Budd-Chiari Syndrome with Multiple Thrombi due to a Familial Arg42Ser Mutation in the Protein C Gene.

A 34-year-old Japanese woman was admitted to our hospital complaining of developing bilateral pedal edema. Imaging studies led to a diagnosis of Budd-Chiari syndrome combined with internal jugular vein thrombus. We investigated the cause of thrombosis and found that the anticoagulant activity of protein C was decreased. Genetic analysis showed the presence of a c.125C>A (Arg42Ser) substitution in the protein C gene (PROC) of the proband, which generates an Arg42Ser mutation that replaces the scissile bond Arg42-Ala43 normally cleaved by a furin-like processing protease. Her father and younger brother also carried this mutation, although they had no evidence of thrombosis.

1. Introduction

Budd-Chiari syndrome is defined as any pathophysiologic process, such as thrombosis, that results in an interruption or diminution of the normal flow of blood from the liver [1]. One cause of this syndrome is a deficiency in protein C [2-4], a precursor of a vitamin K-dependent serine protease that plays an important role in the regulation of blood coagulation [5-7]. Heterozygous protein C deficiency is inherited in an autosomal dominant fashion, and hereditary deficiency in this protein is associated with a high risk of thrombotic disease [8]. A c.125C>A change in the protein C gene (PROC) is designated protein C Osaka 10. This mutation had been reported in only one case so far [9]. Although some cases of Budd-Chiari syndrome have been reported to be caused by hereditary protein C deficiency, genetic analysis of family members was not investigated.

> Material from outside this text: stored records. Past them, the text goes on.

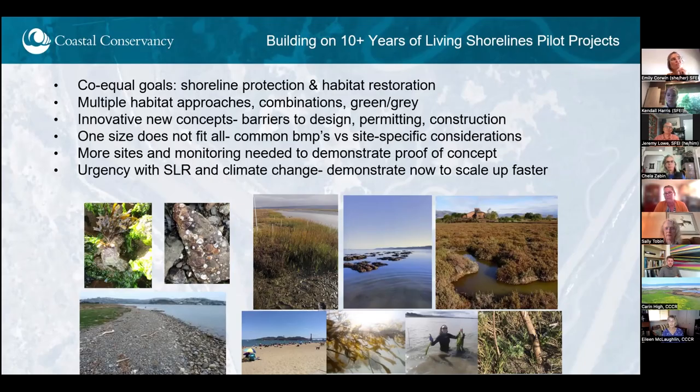Each site is so unique in terms of its wave direction, wind energy, landowners, community groups, and particular considerations that influence the uses of that site and the public perceptions of that site. So it has been really important to work as a region to develop common best practices, but also not overly generally apply those to every site because they're so unique. We're really interested in encouraging more sites and more monitoring so that we can continue to demonstrate this proof of concept.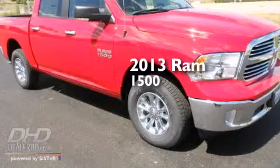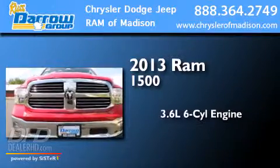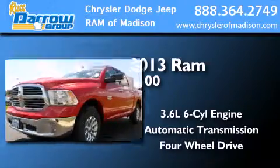This is a brand new 2013 Ram 1500. It has a 3.6-liter six-cylinder engine, an automatic transmission, and the added safety and control of four-wheel drive.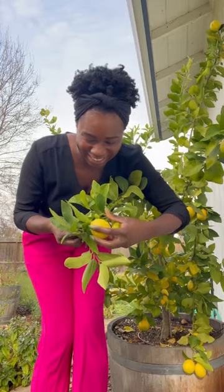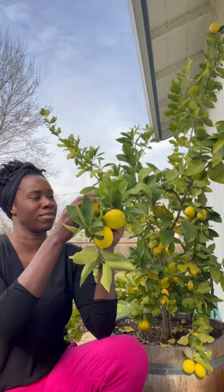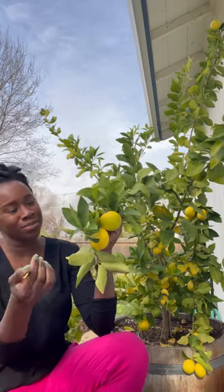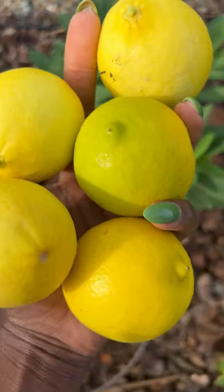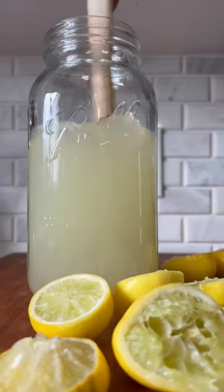Would you believe me if I told you that limes are actually yellow, not green? Commercially grown limes are harvested early, while they're still green. Limes are actually considered fully ripened when they start to turn yellow. Yellow limes still have that signature limey flavor, but they're less acidic and a little sweeter.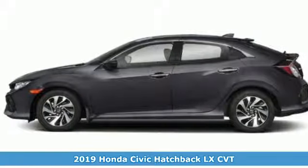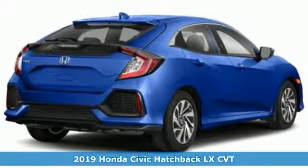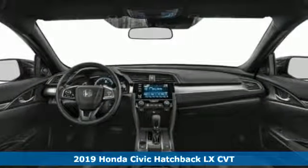Here's a new 2019 Honda Civic Hatchback. Every Honda's designed with the driver in mind. It comes with the features you need and, better yet, want.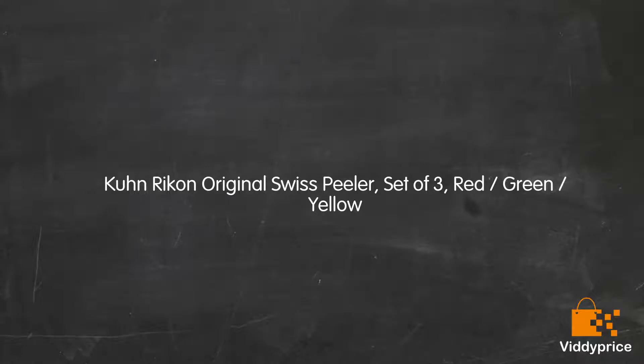Let's talk about Kuhn Rikon Original Swiss Peeler, set of three, red, green, yellow.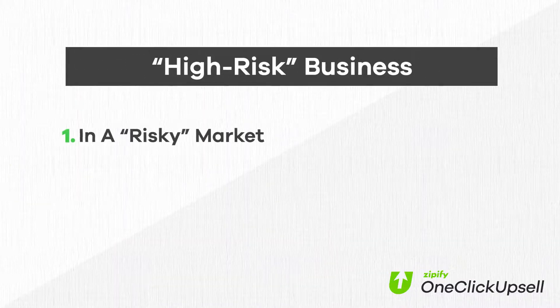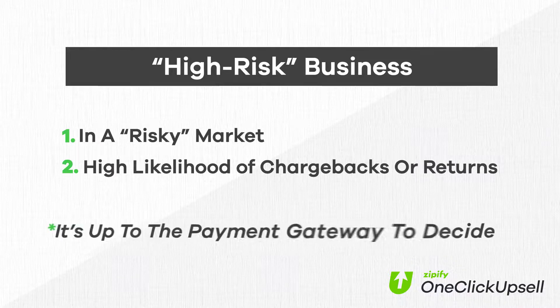Many payment gateways consider some types of markets to be more high-risk than others. Generally, a business is deemed high-risk when they're in a market with a high likelihood of chargebacks or returns. If your store is deemed high-risk, many payment gateways won't accept your business. In other words, you have no way to accept payments, even if you're a legitimate business.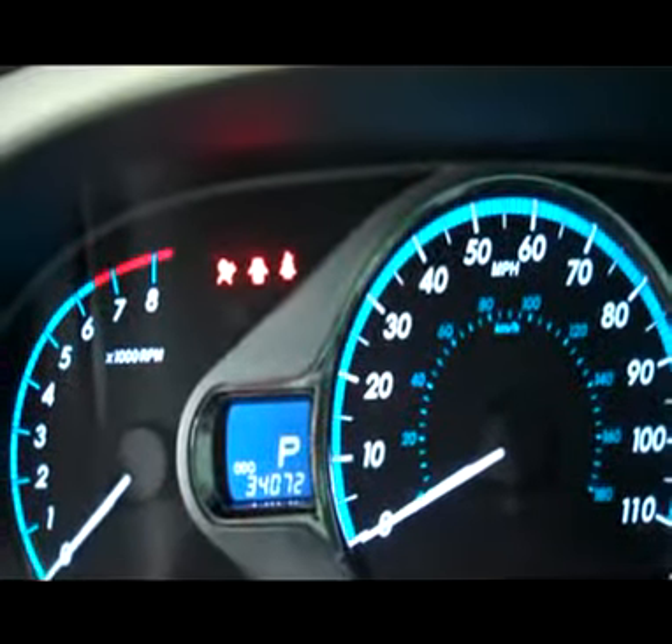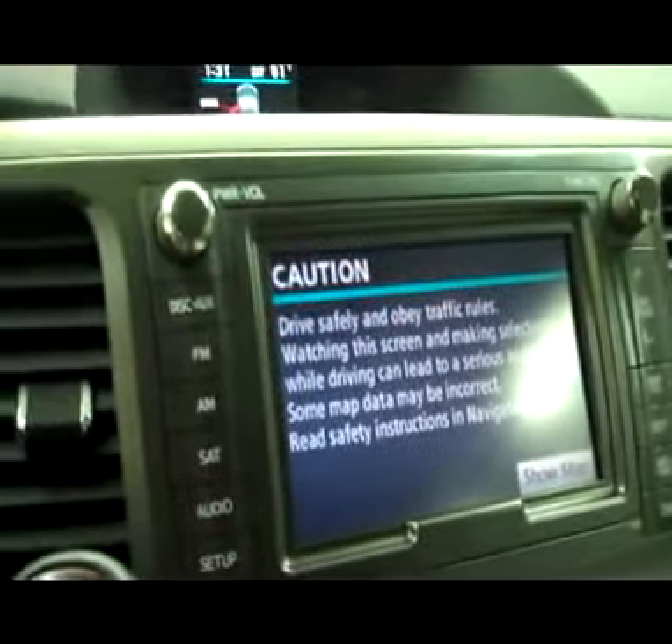This Toyota has 34,072 miles. It also has navigation with the backup cam integrated, and a DVD player.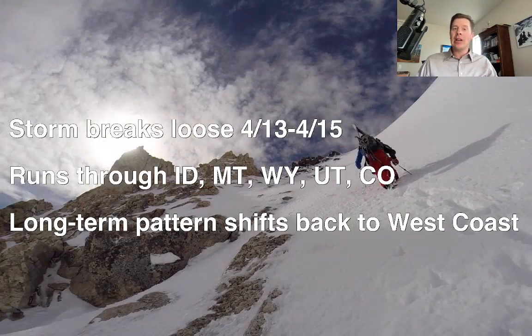We'll start with my bullet points. As you know, the snow levels have been incredibly high in the Wasatch, Tetons, Colorado, and the Sierra. Well, we're going to get some relief. There's a storm system and a cold front that's going to break loose, especially on April 13, 14, and 15.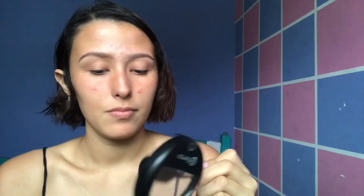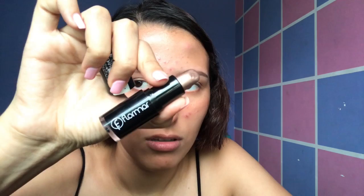Now it comes my favorite part — the highlighter. If you want more bling bling like me, use this long wearing lipstick as highlighter. Yes, lipstick.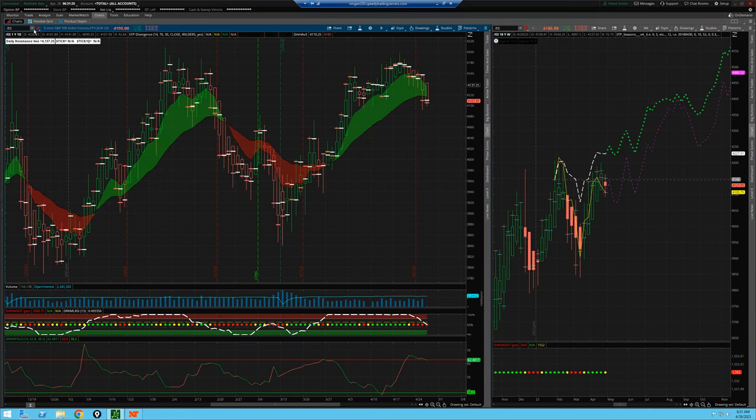We're going to bring up here the S&P. You can see this is the daily chart on the S&P. We can see back here on Monday, we had a trigger short on that Laguerre. We've got a seasonal pattern that's typically a sell between now and through May.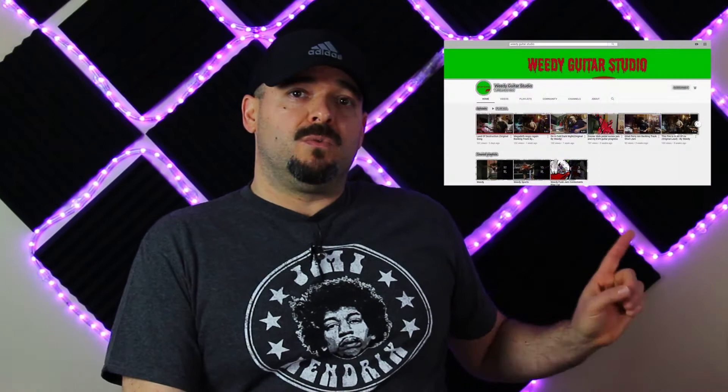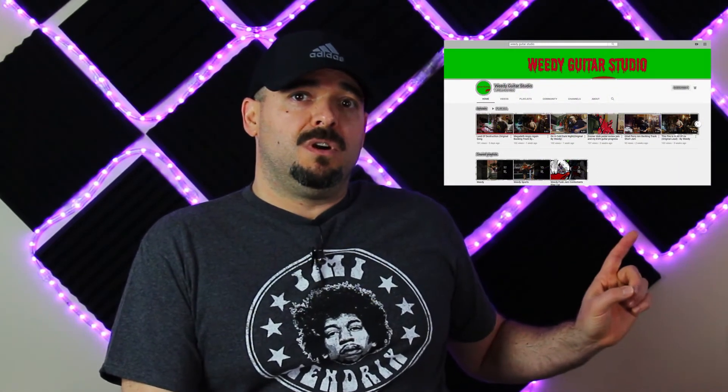Today we're going to give this pedal away to one lucky subscriber, and this subscriber has been extremely supportive. They've got their own YouTube channel which is doing really well, and he does awesome stuff on it, so I recommend you check it out. We're going to announce that we're giving this pedal away to Richard over at Weedy Guitar Studio. He's got a great YouTube channel, does some awesome stuff, has a true love of guitar and likes to share it with the world. I'm going to have a picture right here of his YouTube homepage, and we'll put a link down there in the description.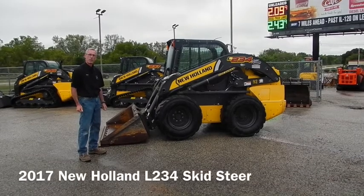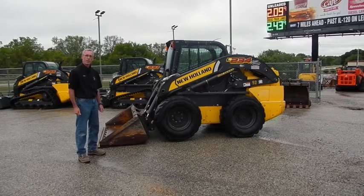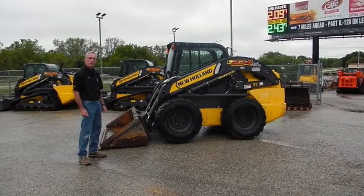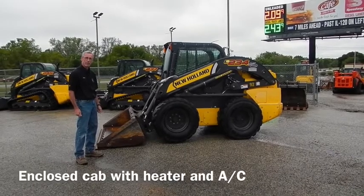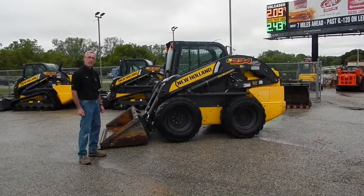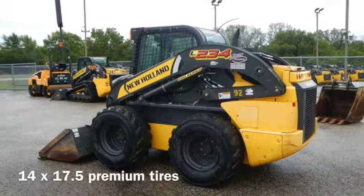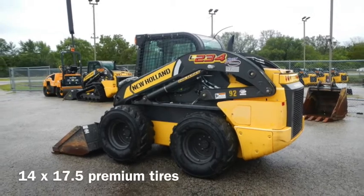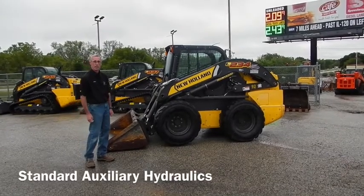This is a New Holland L234, a 2017 model with a 78-inch low-profile bucket, full-time cutting edge, hydraulic quick coupler, cab with heat and AC. It has a vinyl suspension seat, mechanical hand and foot controls, 1,400 17.5 tires, a battery disconnect, and standard auxiliary hydraulic.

To our knowledge, the present study represents the first case report describing Budd-Chiari syndrome combined with multiple thrombotic lesions and genetic analysis of family members.

2. Case Report

A 34-year-old Japanese woman was admitted to our hospital complaining of a weight gain of up to 15 kg and increased bilateral pedal edema over the preceding 3 weeks. She did not have a history of these symptoms and was not taking any medications. On admission, her pulse rate was 84 beats/min, her blood pressure was 130/84 mmHg, and her body temperature, 36.7°C. Her consciousness was alert, her bulbar conjunctiva were not icteric, and the palpebral conjunctiva were not pale. No respiratory rales or heart murmurs were noted on auscultation. Palpation revealed hepatosplenomegaly and ascites with no enlargement of the thyroid gland. Neurological abnormalities, jaundice, or palmar erythema was not evident. However, bilateral pedal edema was observed.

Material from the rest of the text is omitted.